King of Malwa
- Reign: c. 1218 – c. 1239 CE
- Predecessor: Arjunavarman
- Successor: Jaitugi
- Issue: Jaitugi; Jayavarman II;

Regnal name
- Devapala
- Dynasty: Paramara
- Father: Harishchandra ( a chief of Paramara branch)
- Religion: Hinduism

= Devapala (Paramara dynasty) =

Devapala (reigned c. 1218–1239 CE) was an Indian king from the Paramara dynasty, who ruled in the Malwa region of central India.

== Early life ==

Devapāla succeeded the Paramara king Arjunavarman, but he was not the king's son. He was the son of a Mahakumara (chief of a Paramara branch of Bhopal principality) named Harishchandra and great grandson of Paramara king Yashovarman. He also became the Mahakumara after the death of his elder brother Udayavarman.

== Military career ==

The Paramaras' struggles with the Chaulukyas (Solankis) and the Yadavas of Devagiri continued during Devapala's reign. The Yadava king Simhana invaded Lata, and defeated the Paramara feudatory Samgramasimha.
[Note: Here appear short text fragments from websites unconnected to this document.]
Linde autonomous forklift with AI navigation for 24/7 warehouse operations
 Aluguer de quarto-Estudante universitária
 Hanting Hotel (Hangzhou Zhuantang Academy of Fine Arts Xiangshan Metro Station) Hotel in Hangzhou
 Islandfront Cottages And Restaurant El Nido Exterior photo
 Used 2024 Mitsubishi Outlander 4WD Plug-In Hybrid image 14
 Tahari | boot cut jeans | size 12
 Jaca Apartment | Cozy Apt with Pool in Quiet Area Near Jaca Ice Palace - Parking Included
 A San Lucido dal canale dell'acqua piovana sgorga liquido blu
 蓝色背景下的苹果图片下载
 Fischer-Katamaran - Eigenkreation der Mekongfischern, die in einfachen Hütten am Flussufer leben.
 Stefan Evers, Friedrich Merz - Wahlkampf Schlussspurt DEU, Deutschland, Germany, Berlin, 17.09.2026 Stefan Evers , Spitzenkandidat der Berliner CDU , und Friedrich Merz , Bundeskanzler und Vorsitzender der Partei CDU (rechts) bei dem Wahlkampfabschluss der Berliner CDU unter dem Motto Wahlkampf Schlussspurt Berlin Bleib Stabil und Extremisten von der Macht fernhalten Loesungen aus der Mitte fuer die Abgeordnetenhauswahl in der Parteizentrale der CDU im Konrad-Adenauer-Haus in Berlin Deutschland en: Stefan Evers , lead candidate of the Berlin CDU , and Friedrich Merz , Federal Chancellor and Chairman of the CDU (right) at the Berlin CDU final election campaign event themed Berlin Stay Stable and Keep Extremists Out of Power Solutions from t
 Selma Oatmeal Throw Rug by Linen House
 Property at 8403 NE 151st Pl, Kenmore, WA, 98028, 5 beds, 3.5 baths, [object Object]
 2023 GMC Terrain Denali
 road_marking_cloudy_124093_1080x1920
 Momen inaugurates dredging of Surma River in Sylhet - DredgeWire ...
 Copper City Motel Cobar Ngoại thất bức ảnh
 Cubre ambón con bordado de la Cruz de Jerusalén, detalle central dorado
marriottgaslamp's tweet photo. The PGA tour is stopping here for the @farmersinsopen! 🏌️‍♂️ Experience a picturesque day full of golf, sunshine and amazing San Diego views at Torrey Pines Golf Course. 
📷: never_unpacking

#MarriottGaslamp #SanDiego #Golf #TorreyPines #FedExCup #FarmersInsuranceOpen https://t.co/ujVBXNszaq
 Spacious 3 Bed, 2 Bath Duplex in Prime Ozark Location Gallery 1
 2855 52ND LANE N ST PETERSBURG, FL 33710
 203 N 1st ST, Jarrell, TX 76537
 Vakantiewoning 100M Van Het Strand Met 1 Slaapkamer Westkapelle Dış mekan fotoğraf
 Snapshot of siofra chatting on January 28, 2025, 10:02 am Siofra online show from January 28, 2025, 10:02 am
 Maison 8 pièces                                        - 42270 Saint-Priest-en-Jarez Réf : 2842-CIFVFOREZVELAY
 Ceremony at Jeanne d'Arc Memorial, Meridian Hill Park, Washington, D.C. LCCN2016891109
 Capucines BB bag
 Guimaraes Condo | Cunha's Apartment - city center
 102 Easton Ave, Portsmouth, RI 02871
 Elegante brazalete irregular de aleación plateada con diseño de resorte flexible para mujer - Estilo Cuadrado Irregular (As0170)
According to the 13th century Muslim historians, the Sultan of Delhi Iltutmish captured Bhilsa during 1233-34 CE (AH 632), and destroyed the Bhailasvamin Hindu temple. The 1274 CE inscription of Devapala's son Jayavarman II states that Devapala killed a mleccha adhipa (possibly the Muslim governor of the Delhi Sultanate) near the city of Bhailasvamin. A 1263 CE inscription issued during Jayavarman's reign was also found at Bhilsa. This indicates that Devapala recaptured Bhilsa.

== Death ==

When Vagabhata of Ranthambhor was defeated by Iltumish, Devapala gave him asylum. According to the Hammira Mahakavya of the Jain writer Nayachandra Suri, Vagabhata suspected Devapala of plotting his murder on behalf of the Delhi Sultan. Therefore, Vagabhata killed Devapala and gained control of the Malwa territory.

Devapala's son Jaitugi succeeded him as the Paramara king.

== Inscriptions ==

A 1218 CE inscription issued during Devapala's reign has been found at Harsud (or Harsauda). It records the construction of a Shiva temple by a merchant named Keshava. The 1225 CE Mandhata inscription of Devapala records the grant of a village to Brahmins. His 1229 CE and 1232 CE Udaipur inscriptions record the donation of land to temples.

Devapala's 1218 CE and 1232 CE inscriptions give his title as Parama-bhattaraka Maharajadhiraja Parameshvara. The 1218 CE Harsud inscription also calls him a Mahakumara. The 1225 CE Mandhata inscription gives his title as Maharaja.